Lebih lanjut Rina menerangkan bahwa pemanfaatan platform e-commerce online berdampak pada lebih besarnya pangsa pasar daring dibandingkan pelanggan NAVAKA Home yang langsung berkunjung ke tokonya.
“Sekitar 80 persen pelanggan NAVAKA kami dapatkan secara online, dan hanya 20 persen pembeli yang kebanyakan merupakan warga sekitar toko,” ujarnya, seraya menambahkan, ada perbedaan besar antara berjualan secara online dan saat berhadapan dengan calon pembeli secara fisik.
Menurut Rina, berjualan dengan cara bertemu langsung dengan pelanggan memungkinkannya untuk menerangkan produk sedetail-detailnya, bukan hanya tentang keunggulan, namun juga jika barang tersebut terdapat ‘cacat’.
“Jika ada bagian yang rusak, saya bisa langsung menunjukkannya kepada pelanggan, dan bisa terjadi negosiasi saat itu juga, apakah pelanggan keberatan dan tidak jadi beli, atau tidak mempermasalahkannya,” jelas Rina.
Sementara, berjualan secara daring menuntutnya harus lebih rinci dalam menjelaskan keistimewaan produk-produknya, termasuk jika ada kekurangan.
“Kalau berjualan di online, sekali orang kecewa dengan barang kita, maka seterusnya nggak mau beli lagi,” ucap Rina.
Dengan memaparkan secara terbuka dan jelas tentang kelebihan dan kekurangan barang-barang yang dijual, para pelanggan semakin memercayai NAVAKA Home dalam memenuhi kebutuhan perabotan mereka, seperti sofa dan meja tamu, meja rias, meja makan, tempat tidur, dan kasur, yang menjadi produk andalan toko furniture tersebut.
Oleh karena itu, kata Rina, “Produk yang kami jual tidak boleh ditumpuk, tapi harus dipamerkan supaya para pelanggan bisa membayangkan jika produk yang diminati sudah sampai di rumah mereka.”

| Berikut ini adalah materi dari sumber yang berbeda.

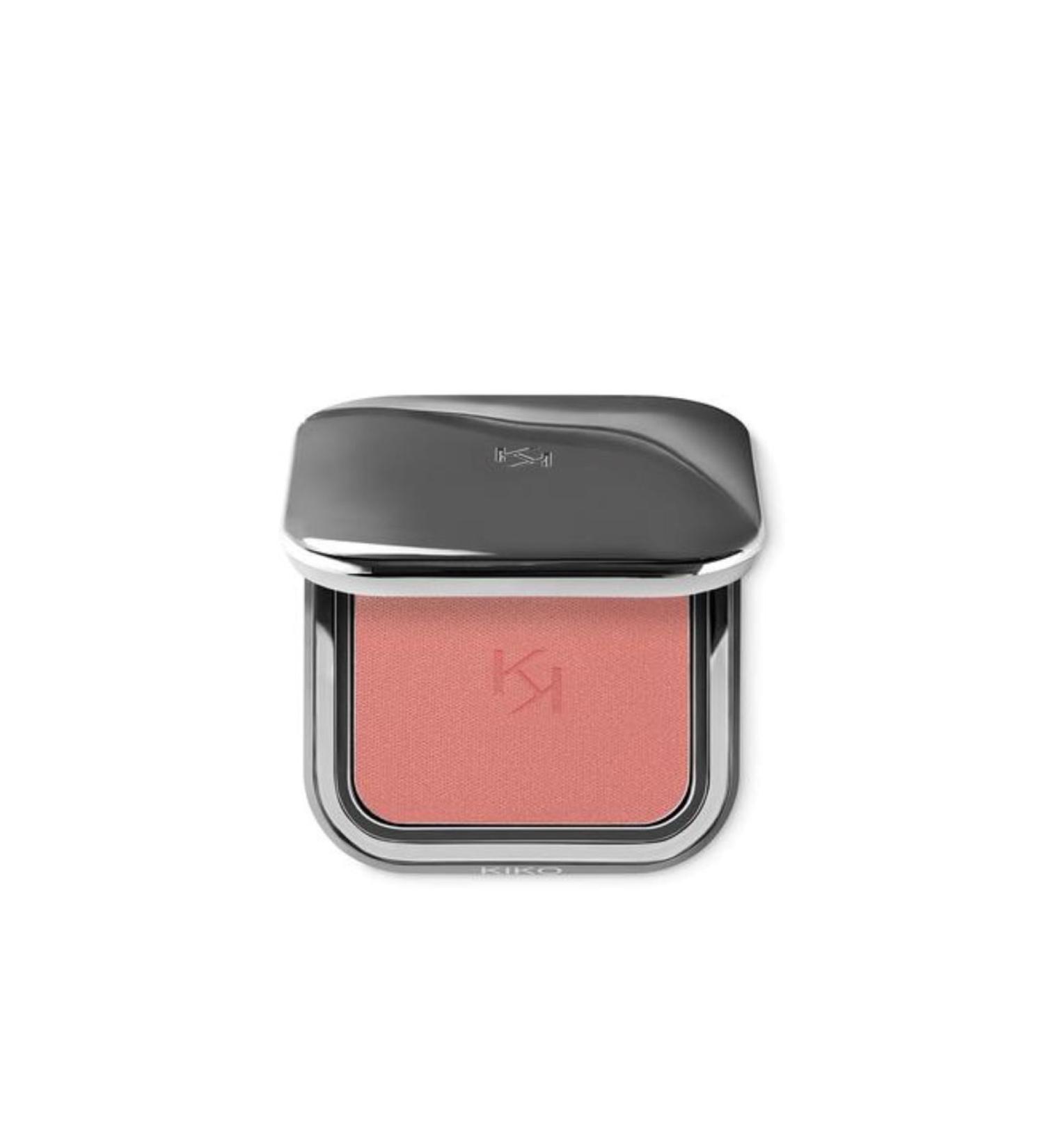 KIKO Unlimited Blush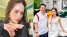 Sau khi bị Bộ Y tế 'tuýt còi', loạt sản phẩm của Đoàn Di Băng biến mất không dấu vết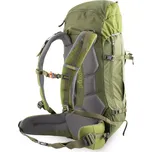 Pinguin Batoh Pinguin Boulder 38 barva zelená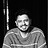 Naresh_Kumar Naresh_Kumar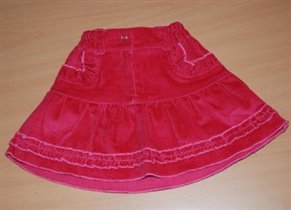 anab*elle от КЛёПА-Масяня, 92 на 80см, 310р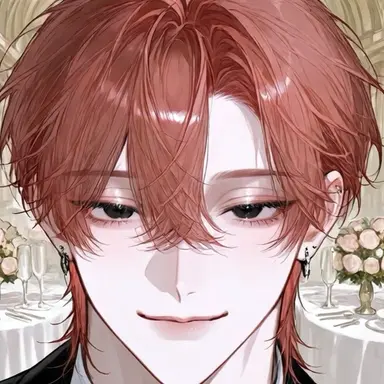 Profile image of 이즈미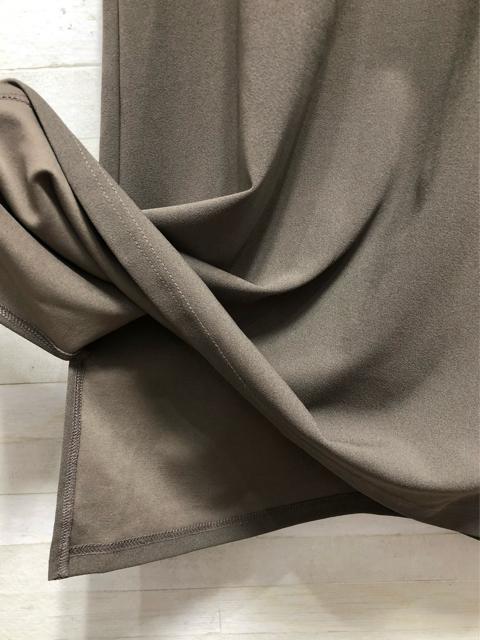 ViLL􃂃JnXgƂ胏s[X􂫂ꂢߊyQ406  t@bV 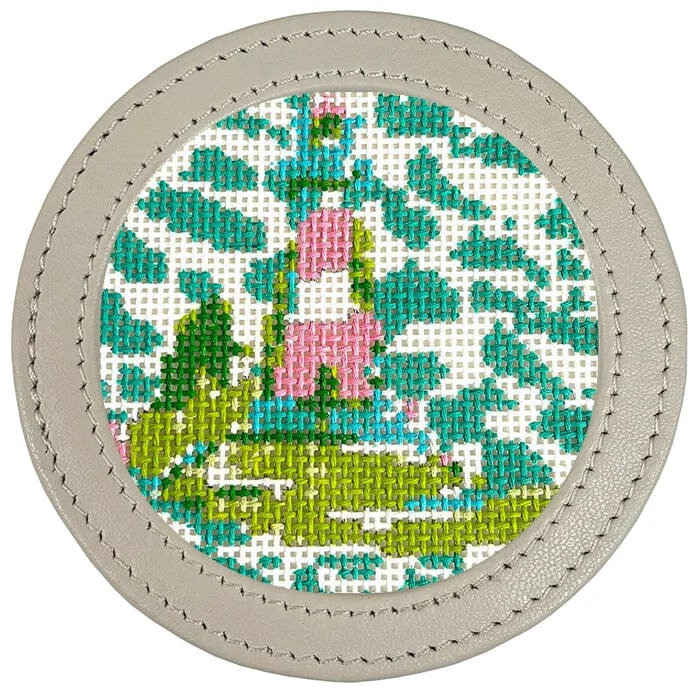 needlepoint3897972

Hal tersebut jugalah yang membuat NAVAKA tidak ‘terjebak’ dalam ‘perang harga’ e-commerce. “Perang harga memang ada, dan NAVAKA tidak mungkin menang karena ada banyak sekali toko online yang menjual barang yang sama tapi harganya jauh lebih murah dibandingkan harga kami.”

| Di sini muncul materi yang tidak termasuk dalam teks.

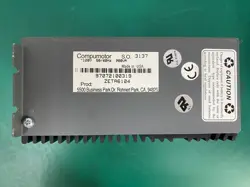 POWER CORD-12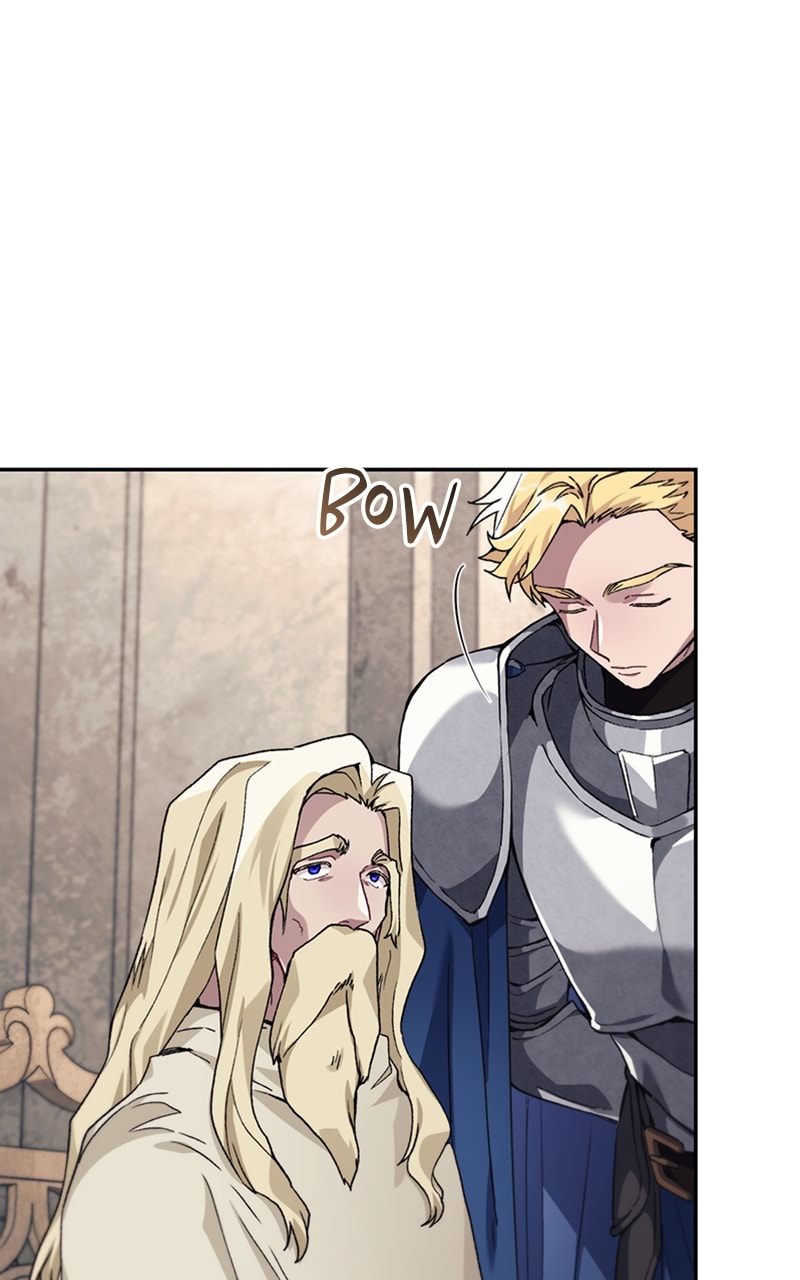 I Stole The First Ranker’S Soul chapter 44 page 19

Tapi, lanjutnya, “Alhamdulillah, NAVAKA punya banyak pelanggan setia, dan jumlah pelanggan baru juga bertambah sampai di seluruh Indonesia, karena kami juga melayani pengiriman hingga ke Sulawesi, Maluku, dan Ambon.”
Selain itu, konsistensi dan kreativitas dalam membuat dan mempublikasikan konten di media sosial juga menjadi kunci sukses pemasaran produk NAVAKA.

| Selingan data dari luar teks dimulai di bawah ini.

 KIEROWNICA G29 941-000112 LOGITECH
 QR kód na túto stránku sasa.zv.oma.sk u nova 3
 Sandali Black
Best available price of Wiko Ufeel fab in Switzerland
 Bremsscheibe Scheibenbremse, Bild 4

“Saya gaptek, tapi punya banyak ide untuk membuat konten edukasi mengenai kualitas produk yang informatif,” aku Rina, seraya mengungkapkan bahwa kepemilikan NAVAKA dibagi bersama dua saudaranya, Riva dan Rika, yang masing-masing memiliki kemahiran dan kapasitas berbeda dalam mengembangkan bisnis.
“Saya bagian ‘memikirkan’ pengembangan bisnis, Riva ‘pegang’ keuangan, dan Rika yang masuk kategori Gen Z mengurus media sosial dan komunikasi langsung dengan para pelanggan,” jelas Rina.
Berkaitan dengan aktivitas pemasaran di TikTok, Rika menyoroti beberapa hal yang harus diperhatikan agar konten ‘jualan’ bisa menjadi FYP (for your page) atau halaman awal yang direkomendasikan bagi pengguna ketika membuka aplikasi tersebut.
“Video sebaiknya di-upload jam 7 pagi, lalu sekitar jam 12 siang, dan saat sore di jam 5-6. Ini waktu-waktu saat banyak pengguna TikTok membuka aplikasi. Kalau follower NAVAKA biasanya banyak yang lihat di jam 7 malam,” jelasnya dalam kesempatan yang sama di acara ‘KPMI Goes to Industry’.
“Di akhir pekan jangan lupa buat video livestreaming. Kalau bisa harus dibuat 3-4 hari sekali supaya follower tidak bosan dengan akun dan konten kita,” ujar Rika.
Tips lain adalah membuat caption yang menarik untuk setiap konten yang dipublikasikan. “Gambar foto dan video juga harus menarik. Makanya usahakan agar kita punya handphone yang bagus untuk men-support aktivitas online ini.”
“Hand phone adalah investasi terbaik bagi pengusaha online,” tegas Rika.
KPMI Goes to Industry episode kedua yang dituanrumahi oleh toko furniture NAVAKA Home diikuti oleh sejumlah pengusaha dari berbagai bidang yang berasal dari Kabupaten dan Kota Bogor, serta Tangerang, Banten.